━━━ Provided records ━━━
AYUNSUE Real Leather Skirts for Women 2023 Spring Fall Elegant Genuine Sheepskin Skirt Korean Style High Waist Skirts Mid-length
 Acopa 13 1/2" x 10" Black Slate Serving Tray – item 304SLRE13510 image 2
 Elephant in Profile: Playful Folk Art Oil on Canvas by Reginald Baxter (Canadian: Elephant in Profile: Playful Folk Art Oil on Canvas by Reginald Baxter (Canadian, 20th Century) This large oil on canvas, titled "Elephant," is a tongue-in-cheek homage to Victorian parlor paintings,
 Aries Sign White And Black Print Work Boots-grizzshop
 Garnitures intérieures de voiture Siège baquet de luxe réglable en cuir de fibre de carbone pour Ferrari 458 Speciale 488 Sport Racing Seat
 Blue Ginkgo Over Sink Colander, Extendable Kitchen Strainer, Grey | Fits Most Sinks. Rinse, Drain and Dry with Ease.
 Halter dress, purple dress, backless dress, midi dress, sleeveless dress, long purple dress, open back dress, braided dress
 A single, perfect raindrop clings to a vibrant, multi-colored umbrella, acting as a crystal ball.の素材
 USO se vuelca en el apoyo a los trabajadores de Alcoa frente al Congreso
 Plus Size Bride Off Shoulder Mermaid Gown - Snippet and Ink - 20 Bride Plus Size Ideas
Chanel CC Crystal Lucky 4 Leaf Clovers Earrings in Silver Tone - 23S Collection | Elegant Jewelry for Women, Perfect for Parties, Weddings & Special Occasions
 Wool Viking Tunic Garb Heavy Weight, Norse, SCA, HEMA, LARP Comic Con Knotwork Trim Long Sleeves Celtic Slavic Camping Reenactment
━━━
### Task requirements
Reproduce each entry above. Every word must match.

### Task output
AYUNSUE Real Leather Skirts for Women 2023 Spring Fall Elegant Genuine Sheepskin Skirt Korean Style High Waist Skirts Mid-length
 Acopa 13 1/2" x 10" Black Slate Serving Tray – item 304SLRE13510 image 2
 Elephant in Profile: Playful Folk Art Oil on Canvas by Reginald Baxter (Canadian: Elephant in Profile: Playful Folk Art Oil on Canvas by Reginald Baxter (Canadian, 20th Century) This large oil on canvas, titled "Elephant," is a tongue-in-cheek homage to Victorian parlor paintings,
 Aries Sign White And Black Print Work Boots-grizzshop
 Garnitures intérieures de voiture Siège baquet de luxe réglable en cuir de fibre de carbone pour Ferrari 458 Speciale 488 Sport Racing Seat
 Blue Ginkgo Over Sink Colander, Extendable Kitchen Strainer, Grey | Fits Most Sinks. Rinse, Drain and Dry with Ease.
 Halter dress, purple dress, backless dress, midi dress, sleeveless dress, long purple dress, open back dress, braided dress
 A single, perfect raindrop clings to a vibrant, multi-colored umbrella, acting as a crystal ball.の素材
 USO se vuelca en el apoyo a los trabajadores de Alcoa frente al Congreso
 Plus Size Bride Off Shoulder Mermaid Gown - Snippet and Ink - 20 Bride Plus Size Ideas
Chanel CC Crystal Lucky 4 Leaf Clovers Earrings in Silver Tone - 23S Collection | Elegant Jewelry for Women, Perfect for Parties, Weddings & Special Occasions
 Wool Viking Tunic Garb Heavy Weight, Norse, SCA, HEMA, LARP Comic Con Knotwork Trim Long Sleeves Celtic Slavic Camping Reenactment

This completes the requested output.